Il y a eu d’un coup deux bonnes nouvelles sur le plan de la morale personnelle et de la dignité publique.
Michèle Laroque, compagne de François Baroin notre ministre du Budget, va se rapatrier fiscalement à partir de ce mois de mai (Le Canard enchaîné). Quelles que soient ses motivations dont la principale est facile à deviner, les occasions de se réjouir du respect d’une forme d’éthique sont trop rares pour qu’on s’abandonne à une ironie qui n’a pas lieu d’être. Je me souviens que certains couples politico-médiatiques, sur un autre registre, n’ont pas eu l’élégance de Michèle Laroque !
Louis Gallois continue de surprendre. La rigueur et l’honnêteté lui sont naturelles. Il n’hésite pas sans doute à se faire des ennemis puisqu’il donne le bon exemple -donc le mauvais, pour certains de ses pairs - en se privant de plus d’un million d’euros. Au lieu d’admirer, j’entends déjà les esprits aigres répliquer qu’il lui restera 900 000 euros ! Il n’empêche. (nouvelobs.com, lepoint.fr)
Abordant la morale et les devoirs qu’il convient de s’imposer à soi-même, j’en arrive naturellement à Charles de Gaulle. Même sans l’avoir connu on peut en avoir une idée juste et forte quand on se passionne pour l’Histoire et qu’on a pu lire, par exemple, l’excellent livre de Thierry Desjardins. Celui-ci recueille les multiples témoignages de ceux qui ont travaillé avec de Gaulle et ont apprécié, au fil des jours, ses immenses qualités et ses défauts évidents. Il y a, depuis quelques années et aujourd’hui plus que jamais, une volonté de s’afficher dépositaire de la pensée gaulliste, détenteur d’un morceau de la vraie croix qui serait ridicule si de Gaulle lui-même ne continuait pas de peser, au moins par contraste, sur notre vie politique.
On apprend que Michèle Alliot-Marie veut développer l’action de son club Le Chêne pour amplifier le courant gaulliste au sein de l’UMP. Les sénateurs vont bénéficier de la même sollicitude que les députés. Apparemment, ce désir de monter en puissance serait lié à la création le 19 juin de la structure de Dominique de Villepin. Il s’agirait d’une lutte entre gaullistes ou nostalgiques de de Gaulle pour ne pas laisser déposséder « Le chêne » de ce qui lui reviendrait de droit contre les usurpateurs.
Il est piquant d’entendre l’un des porte-parole du club, le député Nicolas Dhuicq, énoncer sans rire que « l’une des valeurs essentielles du gaullisme était la loyauté ». Michèle Alliot-Marie elle-même, au plus fort de la controverse entre le président de la République et Dominique de Villepin, avait déclaré que le gaullisme - je cite de mémoire - aimait les gens. Ces opinions très conjoncturelles n’avaient et n’ont pour but que de montrer que Dominique de Villepin est éloigné de ces qualités. De Gaulle, d’une certaine manière, est privatisé, rapetissé.
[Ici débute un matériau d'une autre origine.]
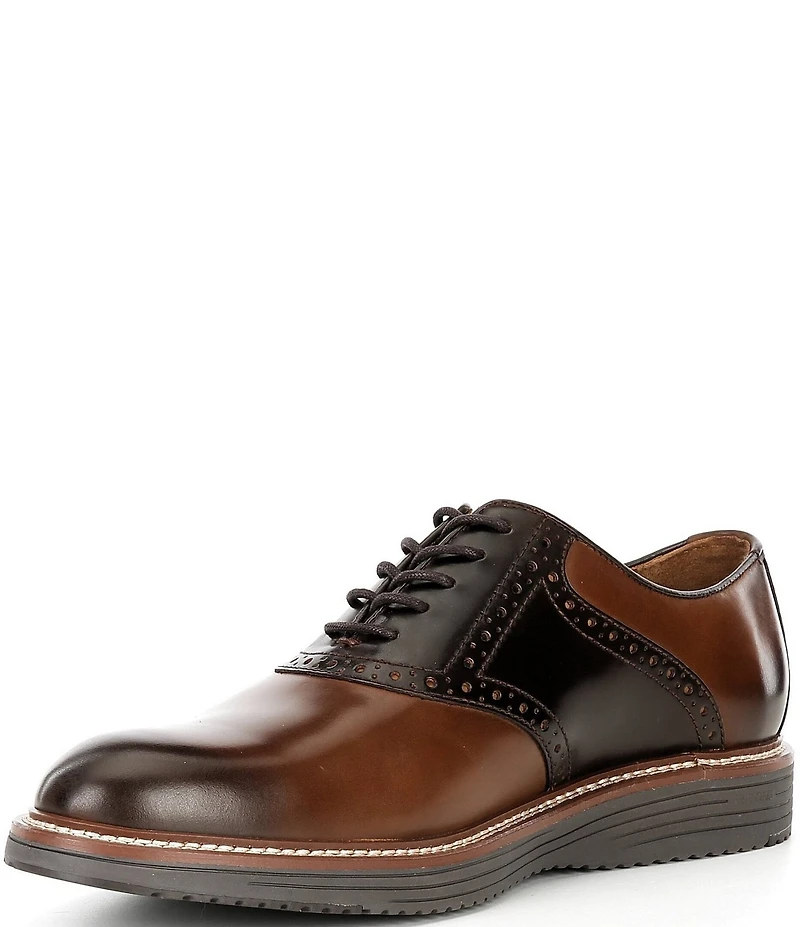 Johnston & Murphy Men's Upton Leather Brogue Detail Saddle Oxfords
Tout de même, dans sa politique et dans son comportement public, en dehors d’une parfaite urbanité personnelle et d’une exemplaire probité au quotidien, il est difficile de prétendre que la transparence et l’idéalisme étaient les vertus fondamentales du créateur de la Vème République. Il s’adaptait à la réalité, n’hésitait pas à justifier les moyens par la fin - sa stratégie pour l’Algérie notamment -, exigeait l’inconditionnalité et la soumission, était tout sauf un tendre et ne brillait pas par une conception très optimiste de la nature humaine et des Français. Loyal quand c’était nécessaire. Aimant quand c’était possible.
En réalité, « la valeur essentielle du gaullisme », voire sa valeur exclusive, c’était de Gaulle lui-même. Qu’on l’ait détesté ou porté aux nues, c’est autour de sa seule personnalité que tout s’ordonnait, se faisait ou se défaisait. Il est peu de politiques aussi indissolublement liées à leur inspirateur. Le gaullisme, c’est un être d’exception refusant de se laisser enfermer dans quoi que ce soit et en ce sens il est absurde de laisser croire que la vraie croix pourrait être encore aujourd’hui légitimement revendiquée par un club ou une faction. Le ton ne suffit pas ! C’est une singularité insaisissable. Ce n’est pas un capital à exploiter.
Pour la classe politique, il est consolant d’accoler au gaullisme des principes si généraux qu’elle peut feindre de les respecter. Mais Charles de Gaulle est mort et il est illusoire de prétendre faire renaître ce qui ne tenait qu’à lui.
On a le droit de le rêver, pas de se l’approprier.